Information on this page, including unit offerings, is from the 2020 academic year.
Aquatic Biosecurity (BIO606)
|Organisational Unit||Agricultural Sciences|
|Description||This unit will equip students with advanced knowledge in the discipline of aquatic biosecurity essential for developing policies involving biosecurity, protection of natural ecosystems and safeguarding aquaculture food production and aquatic livelihoods. Students will gain an understanding of complex interactions between infectious and non-infectious factors that impact aquatic animal health, human activities that impact aquatic biosecurity, and develop specialised technical skills via field visits to natural ecosystems, aquaculture facilities, processing plants for aquatic products, and laboratory sessions.|
|Unit Learning Outcomes||1. Interdisciplinarity - Acquisition of sound knowledge and understanding of the complex interactions that impact aquatic biosecurity, and appreciation of the need for an interdisciplinary approach when pursuing solutions
2. Skills - Develop specialised technical skills used in collecting information about natural and captive aquatic animal populations required in research or disease investigations
3. Knowledge - Critical interpretation and presentation of knowledge in the discipline of aquatic animal health and biosecurity
4. Application - Develop specialised cognitive skills to research, analyse and apply established knowledge and investigative techniques to current and future problems in aquatic animal health and biosecurity
|Timetabled Learning Activities||This unit is taught in intensive mode consisting of:
Lectures: 12 x 1 hour; Field Trips: 2 x half day (4 hours); Laboratories: 2 x 3 hours.
|Unit Learning Experiences||This unit uses a combination of intensive instruction in advanced skills in aquatic animal health and biosecurity, research and debates on current contentious issues in the field, and self-directed learning on aquatic biosecurity.
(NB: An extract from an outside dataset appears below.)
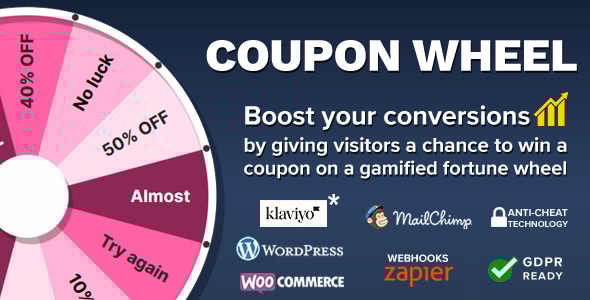 WooCommerce 和 WordPress 的优惠券轮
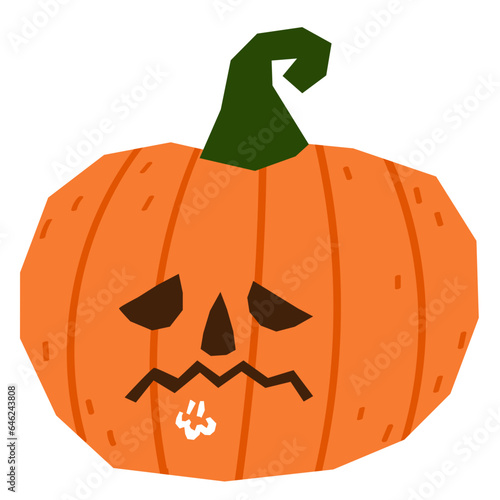 pumpkin sigh flat illustration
Students will develop advanced knowledge and technical skills in the discipline of aquatic animal health and biosecurity. All concepts which are introduced in lectures will be reinforced through field trips and hands-on laboratory sessions. There will also be an emphasis on individual research, presentations and group discussion forums, because this is often an integral part of developing sound biosecurity plans. This knowledge and skill will be integrated by the production of a 2000 word report on developing a biosecurity plan for a facility or at country level.
The application of knowledge and skills will be illustrated and discussed further through lectures and forums on current hot topics, covering issues such as trade and biosecurity, assessment of ecosystems, the sustainability and potential of aquaculture as a secure food source, national planning impacting biosecurity, and an overview of the current status of global aquatic biosecurity and its future needs. These topics will be consolidated through discussions and further private study, leading to assessment by the production of an oral presentation and a specialised information brochure.
The unit as a whole will be integrated through further private study, with a final written assessment.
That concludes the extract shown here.